Exactly the lines from the line that has "MCGEE, BILLY JOHN" through the final line below are to be retyped, and the pictures are not.

## [Material provided]
────────────────────
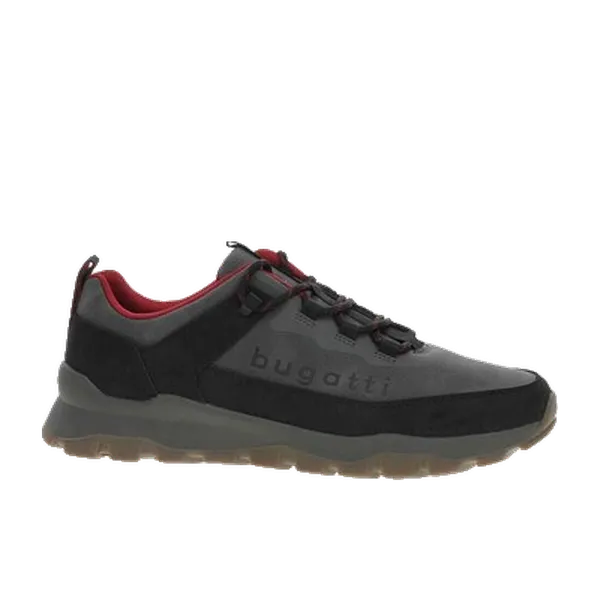 Bugatti Lage Sneakers Rood, vergelijk prijzen bij 1 winkel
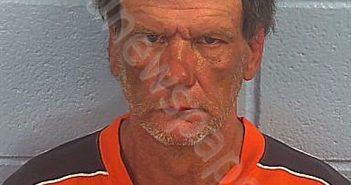 MCGEE, BILLY JOHN | 2024-03-21 11:17:18 Etowah County, Alabama Booking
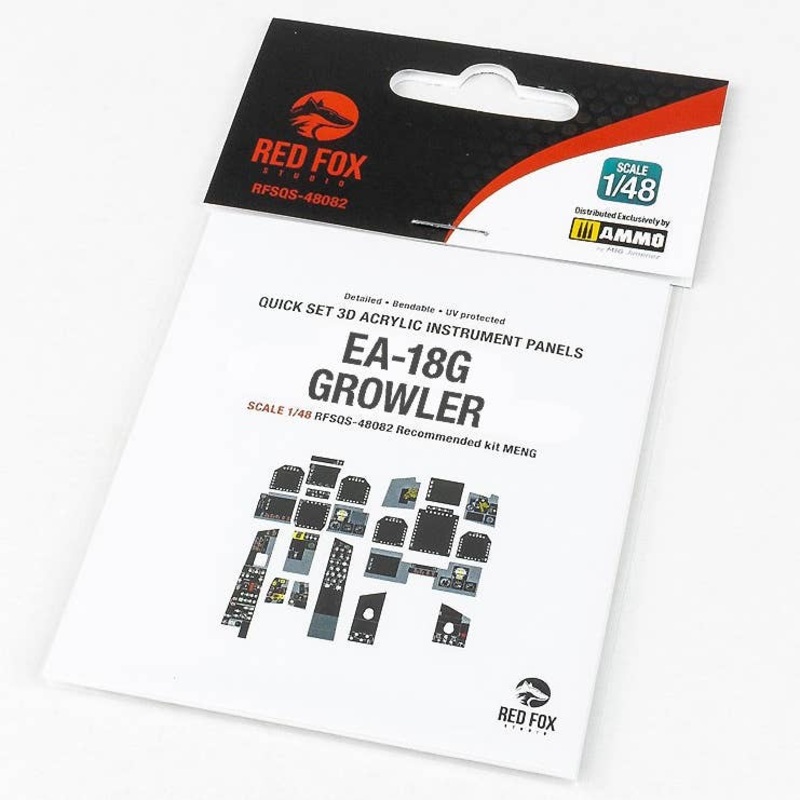 1/48 EA-18G Growler (for Meng kit)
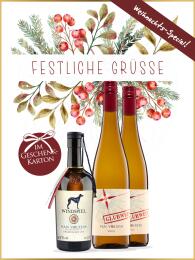 Paket "Festliche Grüße"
────────────────────
## [Response for this exercise]
 MCGEE, BILLY JOHN | 2024-03-21 11:17:18 Etowah County, Alabama Booking
 1/48 EA-18G Growler (for Meng kit)
 Paket "Festliche Grüße"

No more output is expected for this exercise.